- Supplied information -
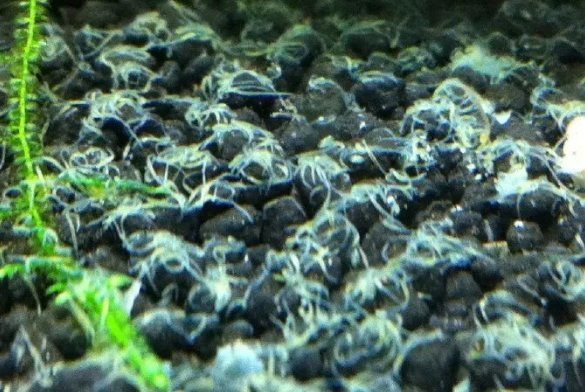 魚飼料起白色密密麻麻的蟲子【白蟲飼料存活率仍可達37%】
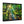 Forest Canvas Print – Semi Glossy Finish - Dipaliz - Posters Prints & Visual Artwork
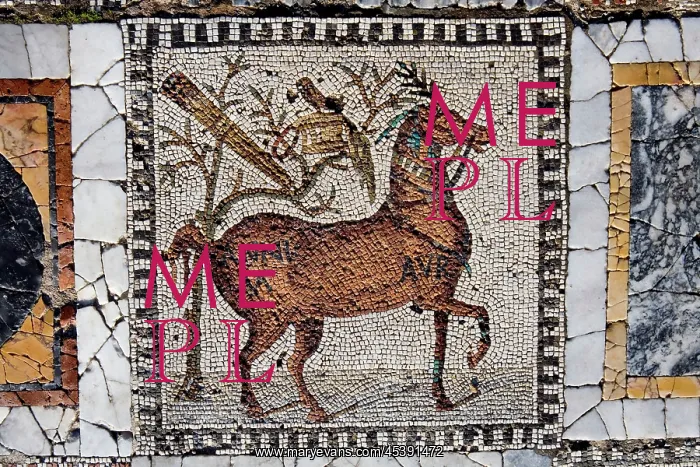 : Carthage. Detail of a mosaic depicting a horse in the peristyle of the : Carthage. Detail of a mosaic depicting a horse in the peristyle of the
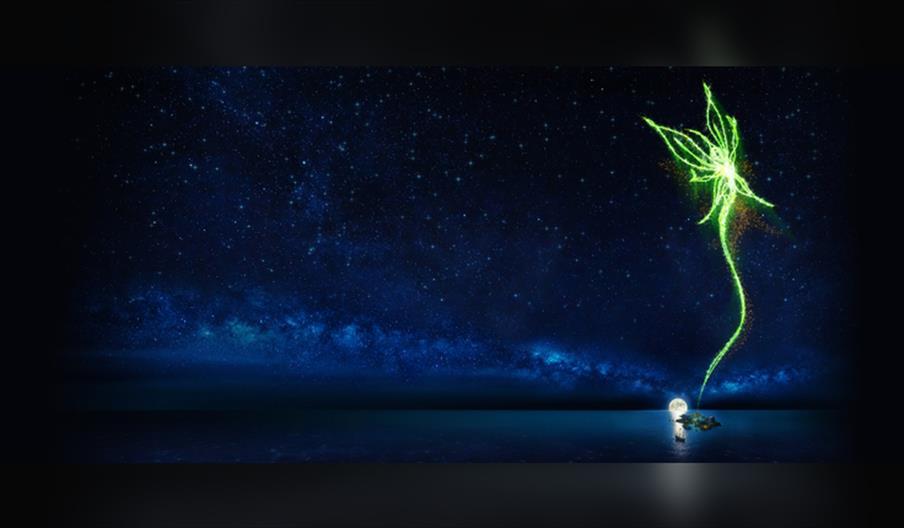 Peter Pan - a musical adventure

- Assignment -
With pictures excluded, restate word for word the lines from the one that contains "Forest Canvas Print" through the end of the material, inclusive, and nothing more.

- Response -
 Forest Canvas Print – Semi Glossy Finish - Dipaliz - Posters Prints & Visual Artwork
 : Carthage. Detail of a mosaic depicting a horse in the peristyle of the : Carthage. Detail of a mosaic depicting a horse in the peristyle of the
 Peter Pan - a musical adventure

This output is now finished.